- Task to carry out -
Copy exactly, and only, the lines from the one with "Beige lærloafers med" to the end of the listing; omit pictures.

- Collected data -

====

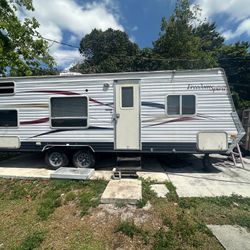 2007 Travel Trailer 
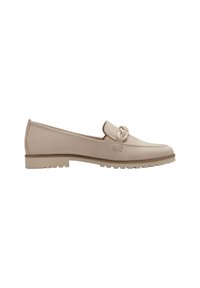 Beige lærloafers med en knyttet detalj på vamsen, flat lys farge såle og jevn tekstur.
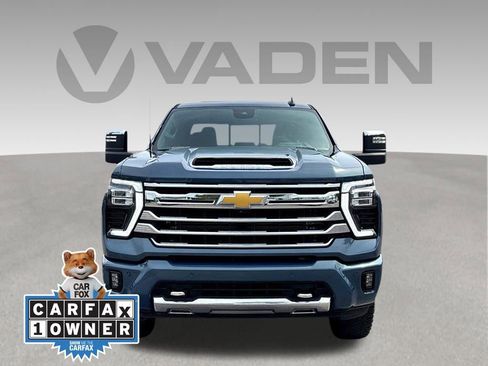 Used 2025 Chevrolet Silverado 2500 High Country w/ Technology Package AWD/4WD image 2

====

- Result of the task -
 Beige lærloafers med en knyttet detalj på vamsen, flat lys farge såle og jevn tekstur.
 Used 2025 Chevrolet Silverado 2500 High Country w/ Technology Package AWD/4WD image 2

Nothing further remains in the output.